Une fois arrivés, après avoir pris soin de déposer nos bagages à l’hôtel, nous décidons d’aller faire un petit tour du propriétaire. Et s’il y a bien une chose à en dire, c’est que nous n’avons rien de semblable en Belgique ! Piste d’athlétisme de 8 couloirs, patinoire olympique, terrains de football, innombrables salles multisport, salles de fitness, piscine, salle d’entraînement pour l’haltérophilie et tout un tas d’autres salles que nous n’avons pas eu l’occasion de voir… Tout ça dans un rayon de 5 minutes de marche de notre hôtel ! Hôtel qui était le lieu d’ébergement des athlètes présents sur le site olympique. Tout est organisé pour que les athlètes aient tout à disposition et ne doivent se concentrer que sur une seule chose : s’entraîner ! Cela semble être le seul moyen de promouvoir le sport et d’arriver aux meilleurs résultats sur la scène internationale. Il est alors dommage de voir qu’un pays de 2 millions d’habitants investit plus de moyens dans le sport qu’un pays comme le nôtre, qui compte presque 6 fois plus d’habitants…
Nous commençons chaque journée par un échauffement général afin de préparer les jeunes pour la journée qui va suivre. Nous avions ensuite une séance d’entraînement au matin et une l’après-midi. Enfin, en soirée, les coaches étaient réunis afin d’assister à une conférence. Je reviendrai sur ce que j’ai appris durant chacune des ces périodes de la journée ! Commençons par la première étape quotidienne : l’échauffement !
Préparer le corps
La première chose qui m’a marqué en assistant aux échauffements, c’est que les coaches semblaient plus réticents à se lever et se mettre en mouvement, même si nous n’étions pas obligés d’y prendre part directement, que les athlètes. Il se trouve que nous n’avions pas accès au café avant le petit déjeuner. Compréhensible donc ! Le premier jour, ce sont les officiels qui se sont occupés de réveiller tout ce beau monde et ensuite, ils ont désigné plusieurs délégations pour s’en occuper les jours suivants. Accompagnés de la Grande-Bretagne et de l’Islande, nous avons donc imaginé et mis en œuvre la première activité de la journée. Au programme : course, sauts, plyométrie, drills de réaction au contact du sol, gainage et étirements et même un petit jeu de rapidité. Chacun organisait une partie de l’échauffement dans laquelle il se sentait plus à l’aise. Alors, si de l’avis de l’entièreté des membres de notre petit groupe, il s’agissait du meilleur échauffement de la semaine car adressant toutes, ou quasiment toutes, les facettes travaillées en l’haltérophilie. Ce qu’aucun autre groupe n’avait fait. Mais peut-être voulions-nous juste flatter un peu notre égo ! Qui sait ?! N’ayant que 30 minutes à notre disposition, nous avions d’autres idées que nous n’avons malheureusement pas eu l’occasion de mettre en œuvre comme des sprints. Et durant cette petite semaine, j’ai été surpris de constater que personne ne les a utilisés ou même des exercices de plyométrie, si ce n’était les britanniques. Idem pour les lancers et autres exercices de développement général. Cependant, pouvoir observer d’autres pays à l’œuvre aura été pour le moins instructif tant pour des idées que je pourrais incorporer à ma pratique en tant que coach et d’autres que je n’ai pas trouvées pertinentes. Parmi ces idées, l’idée de travailler de manière plus ludique avec des jeunes est celle qui mérite d’être la plus retenue. Être un athlète, de niveau mondial parfois, ne devrait pas les empêcher de s’amuser dans leur pratique. Et si l’haltérophilie n’est pas un sport ludique de par sa nature, je ne pourrais que conseiller aux coaches et entraîneurs d’implémenter plus de jeux ou de défis dans leurs entraînements et ce surtout avec les jeunes !

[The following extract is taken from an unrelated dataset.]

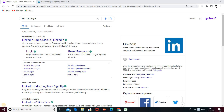Hi friends, welcome back to my channel. Being a Programmer, I am Rajeshree. Today we have another example of test case writing in Excel for manual testing. Today we will test the LinkedIn login page. If this video is helpful, please like, share with your friends, and subscribe to my channel. Without further ado, let's get started.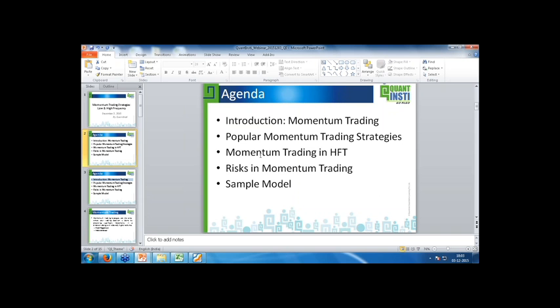The agenda would be a small brief introduction to momentum trading — what it is and why it works. Then we move on to popular momentum trading strategies, or more specifically, various oscillators and indicators which are quite popular. Then we'll see briefly on momentum trading and HFT, followed by some risks specific to momentum trading and algorithmic trading using momentum strategies. We'll also cover a sample model created in Excel for one of the momentum trading strategies, running it on one-minute candles rather than tick-by-tick as in HFT or days-long data as in low frequency.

Un peu plus tard dans la matinée, il était temps pour les athlètes de s’attaquer à la première session d’entraînement de la journée. Souvent, il s’agissait d’une séance dédiée à l’arraché et à des mouvements plus techniques. C’est une approche somme toute assez logique, car d’accoutumée, le corps est plus préparé à exprimer sa force maximale en après-midi, après avoir eu le temps de se mettre en route. Les athlètes étaient donc aussi plus concentrés pour les mouvements requérants plus d’attention. Peu d’exercices étaient proposés afin que les athlètes répètent un maximum ‘’leurs gammes’’. Il nous était demandé de modérer l’intensité afin de maximiser le travail technique et de ne pas induire une fatigue trop importante chez les jeunes.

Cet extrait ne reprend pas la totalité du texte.